▸ **The problem**:
Each entry should be given again exactly, with any image left out.

▸ **Source data**:

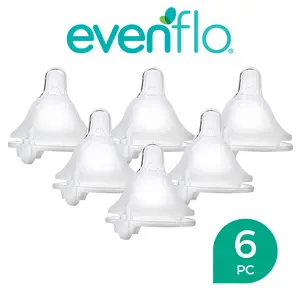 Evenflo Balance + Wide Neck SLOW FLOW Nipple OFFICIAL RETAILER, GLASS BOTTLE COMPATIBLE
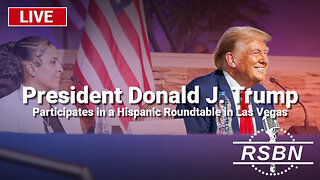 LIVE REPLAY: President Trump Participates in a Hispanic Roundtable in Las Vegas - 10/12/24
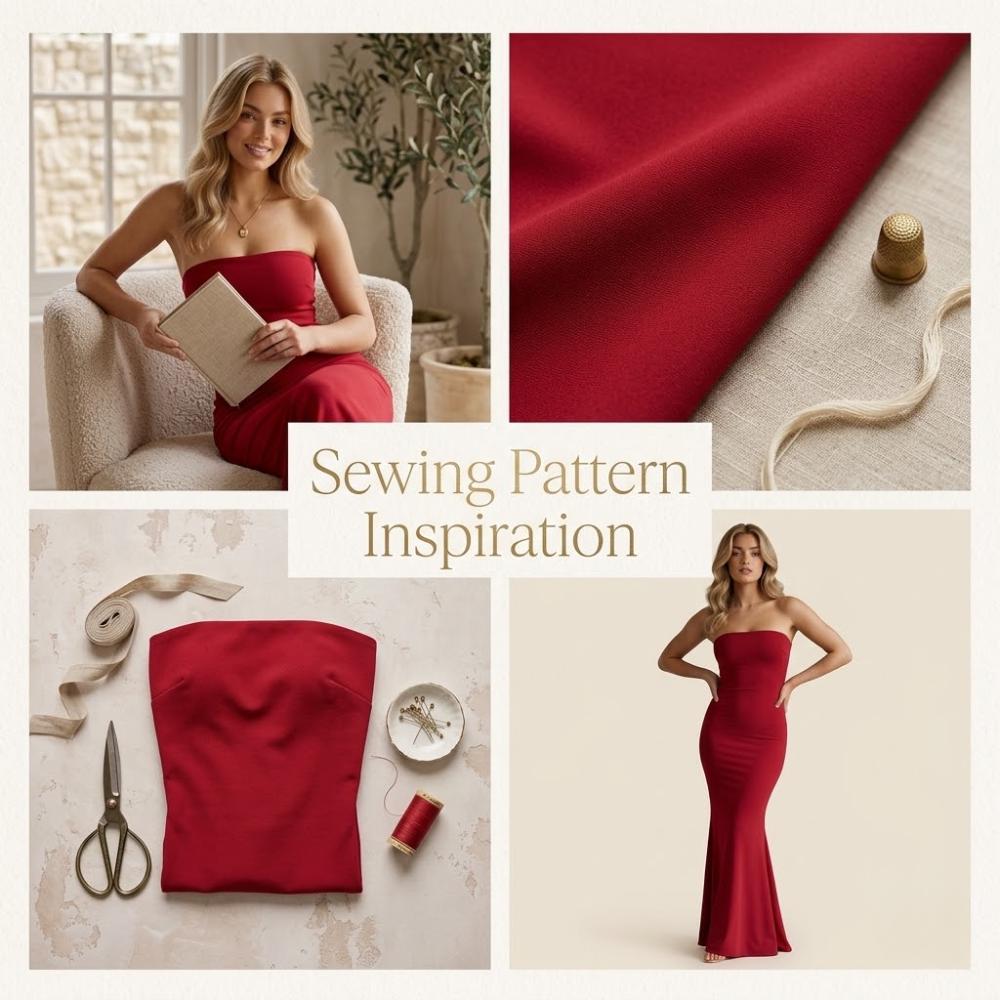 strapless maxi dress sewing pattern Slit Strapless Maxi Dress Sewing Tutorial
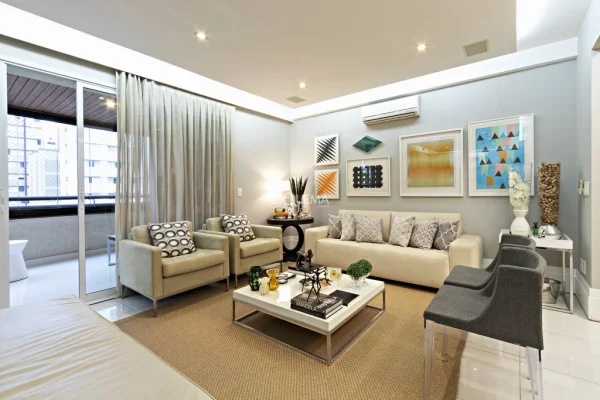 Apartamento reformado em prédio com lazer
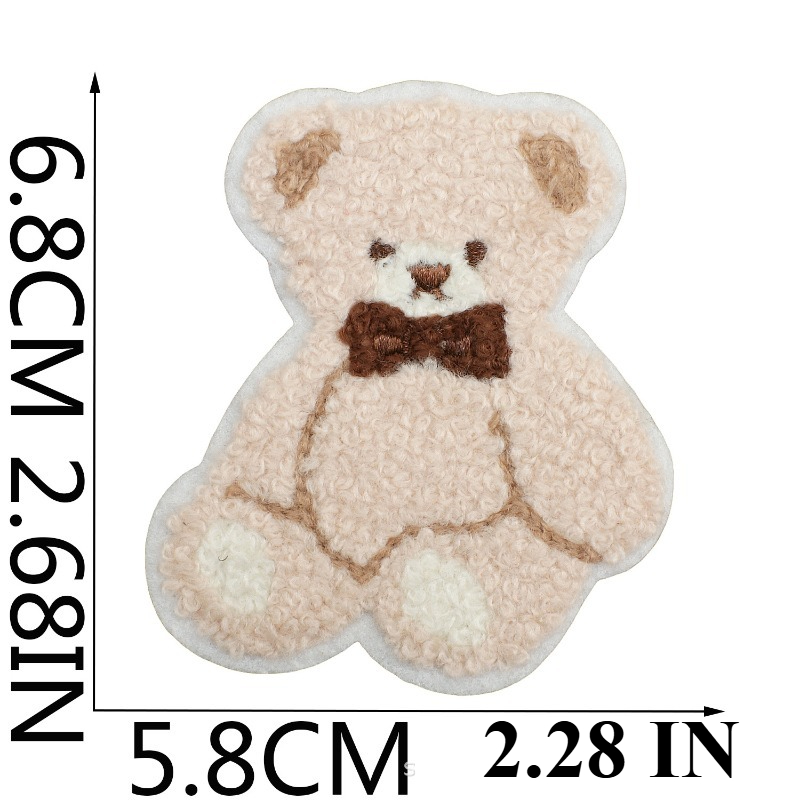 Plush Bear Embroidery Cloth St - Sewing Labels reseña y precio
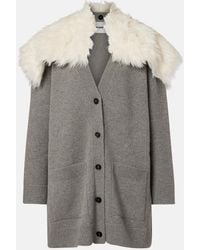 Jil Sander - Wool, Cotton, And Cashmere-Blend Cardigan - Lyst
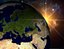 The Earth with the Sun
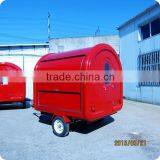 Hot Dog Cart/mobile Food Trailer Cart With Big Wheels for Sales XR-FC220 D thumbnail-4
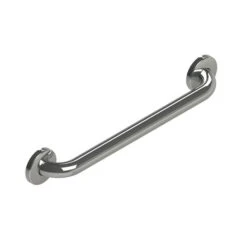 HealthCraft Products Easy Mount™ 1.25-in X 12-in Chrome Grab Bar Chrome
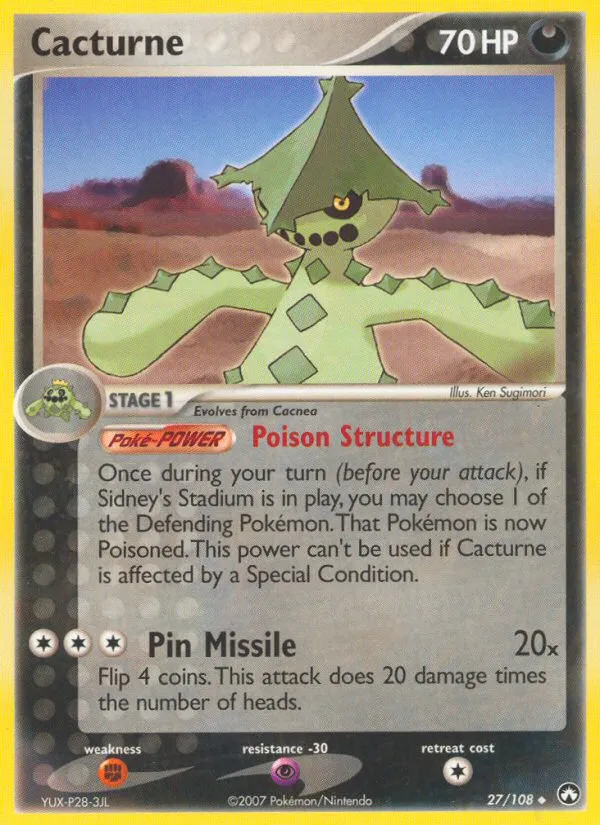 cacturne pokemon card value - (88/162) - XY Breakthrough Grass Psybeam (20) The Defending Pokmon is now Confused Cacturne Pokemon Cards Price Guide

▸ **Solution**:
 Evenflo Balance + Wide Neck SLOW FLOW Nipple OFFICIAL RETAILER, GLASS BOTTLE COMPATIBLE
 LIVE REPLAY: President Trump Participates in a Hispanic Roundtable in Las Vegas - 10/12/24
 strapless maxi dress sewing pattern Slit Strapless Maxi Dress Sewing Tutorial
 Apartamento reformado em prédio com lazer
 Plush Bear Embroidery Cloth St - Sewing Labels reseña y precio
 Jil Sander - Wool, Cotton, And Cashmere-Blend Cardigan - Lyst
 The Earth with the Sun
 Hot Dog Cart/mobile Food Trailer Cart With Big Wheels for Sales XR-FC220 D thumbnail-4
 HealthCraft Products Easy Mount™ 1.25-in X 12-in Chrome Grab Bar Chrome
 cacturne pokemon card value - (88/162) - XY Breakthrough Grass Psybeam (20) The Defending Pokmon is now Confused Cacturne Pokemon Cards Price Guide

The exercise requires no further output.